Currently, our normal tests run for commits and pull requests on CircleCi. As said, it’s probably not what you want for the monitoring. Circle supports other triggers for workflows. We decided to run a special job once per hour:

api_monitor:
triggers:
- schedule:
cron: "0 * * * *"
filters:
branches:
only:
- master

With this we use our normal build system, just added another job to our yml file.

Alarm?

The remaining question would be the notification. How do we know if tests fail? If we have some longer running content issue we don’t want our builds to be fail all the time. Why? Our master should not be marked red on github just as of some API issue.

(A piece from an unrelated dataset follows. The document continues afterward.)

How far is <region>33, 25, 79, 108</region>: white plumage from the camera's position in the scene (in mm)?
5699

Like many other teams, we use Slack for internal communication. So we decided to post any issues to a Slack channel:

it seems The search API has an issue

All we need to do is adding something to the test:

@Test
fun `should return some leagues`() {
verifier.verify {
with(useCase.getLeagues(FOOTBALL).blockingGet()) {
size `should be greater than` 0
}
}
}

The implementation behind runs the assertion, catch the error and forward it to Slack:

inline fun verify(assertion: () -> Unit) {
try {
assertion()
} catch (error: Throwable) {
uploader.upload(error) }
}
}

Slack provided an API so we could use a normal Retrofit interface:

interface SlackApi {

@Multipart
@POST("/api/files.upload")
fun upload(...)

for a better error message on Slack we grab the test message name:

val trace = Thread.currentThread().stackTrace[1]
"${trace.className.substringAfterLast(".")}:${trace.methodName}"

What do we test?

We ended up validating the values coming back in our models, one example:

@Test
fun `should search for replays`() {
verifier.verify {
val result = useCase.searchFor("Viktoria").blockingGet()
with(result.replays) {
size `should be greater than` 0
forEach {
it.assertValidTitle()
it.assertValidStream()
it.assserValidThumbnail()
}
}
}
}

For example we check if lists are non empty and values look valid. 
For urls like thumbnails and video stream url, we make sure these are https and follow those via HEAD requests:

inline fun Clip.assertValidStream() {
videoUrl `should be secure url on` "$id video url"
videoUrl `could be opened` "game $id"
}
infix fun String.`could be opened`(id: String) {
with(URL(this).openConnection() as HttpURLConnection) {
requestMethod = "HEAD"
check()
}
}

fun HttpURLConnection.check() {
val response = responseCode
disconnect()
if (response != 200) {
throw AssertionError(
"broken link, returns $response on ${this.url}")
}
}
A clip stream URL was broken

Did it work?

I took the name poor man’s monitoring from “poor man’s dependency injection” by Mark Seemann. Like with his approach, there is nothing wrong with a self-written tool. Sometimes, like a poor man, you should work with what you already have and not add something new from outside.

With this simple setup, we found out very easy when something was broken or simply missing. As the module is part of our normal project it is always up to date with the latest changes. Our experience showed that the only thing we might miss is updating the Koin module which would result in a failing test. With Dagger this could be checked on compile time.

This is not about replacing existing systems but testing against your API based on your client code is a great addition. And if we add UI tests now, we could mock the API layer as it’s already tested and gain performance and stability for the UI automation layer.